Wednesday night's New York Yankees vs. Washington Nationals spring training contest was oddly meaningful in the grand scheme of meaningless games. Ryan Weathers made his debut in pinstripes — formally, with the regular hats and everything instead of the Grapefruit Dandies — and looked stellar.
The game was also notable because ... somehow, as someone who'd come down to Florida and Arizona multiple times with my parents during childhood ... this was my first game at George M. Steinbrenner Field. I'd only been once before — back in 2006 for an open workout — and, strike me down if you want to, but I always preferred the other complexes that were way more accessible to fans. Watching the Yankees at spring training felt like watching batting practice before a regular season game. You could see them up close, but they weren't traversing back fields and mingling with kids. They were kind of just ... going about their business in a more intimate setting. And they definitely weren't signing.

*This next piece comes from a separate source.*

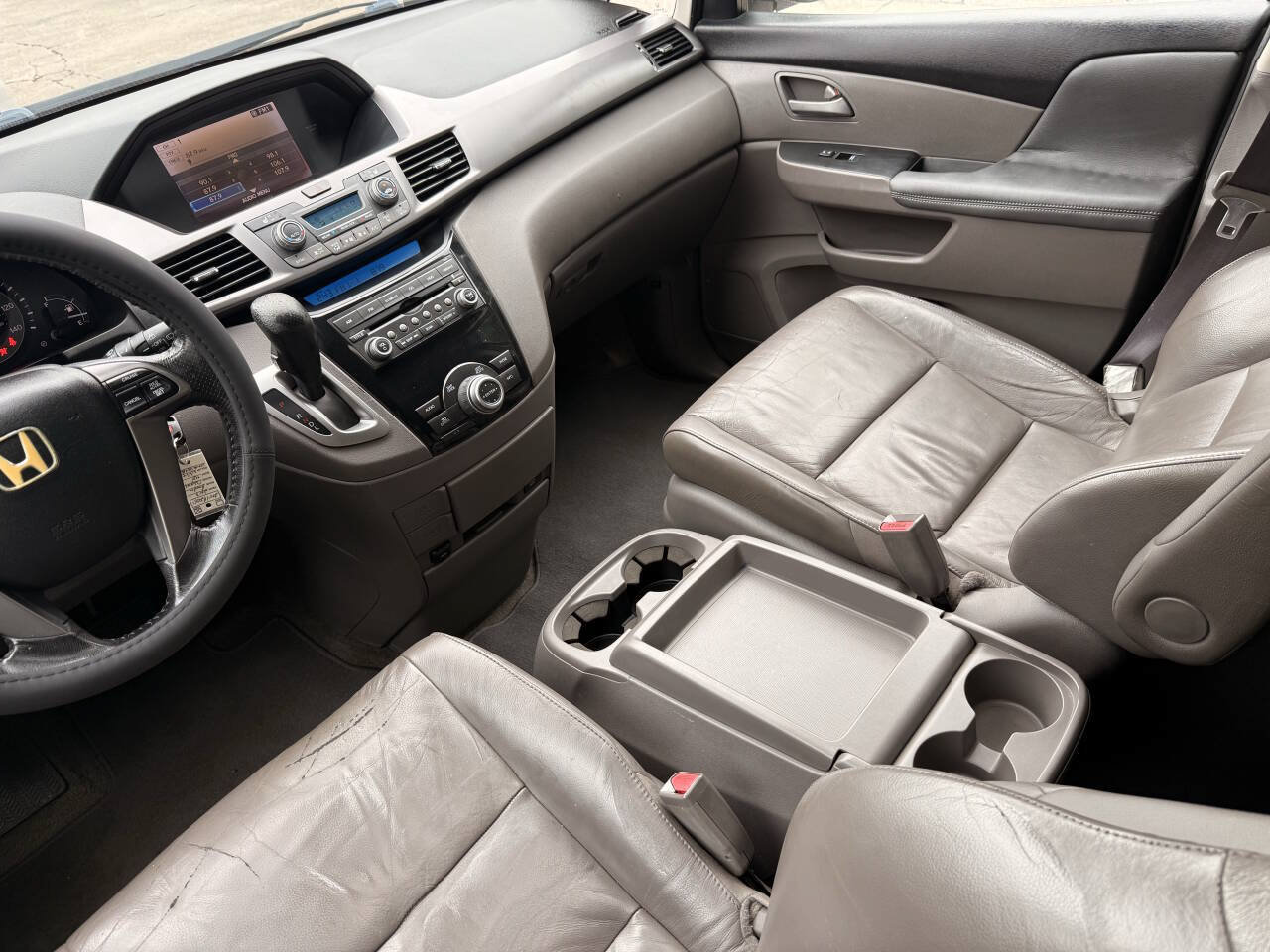 Used 2013 Honda Odyssey EX-L image 22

If it's a practice? Give me Lakeland or Dodger Town (RIP). But for gameday, as I learned on Wednesday? A night game at the perfect temperature (57 and lightly breezy) at Mini Yankee Stadium is an excellent show, and the venue has been reborn — with character — in the 20 years since I'd last seen the interior.
Here's what I picked up on from an absurdly tidy two-hour game where the Yankees faced the minimum (and this generation's troublemakers flitted about the ballpark begging for every baseball that rolled out of play, and even those that didn't).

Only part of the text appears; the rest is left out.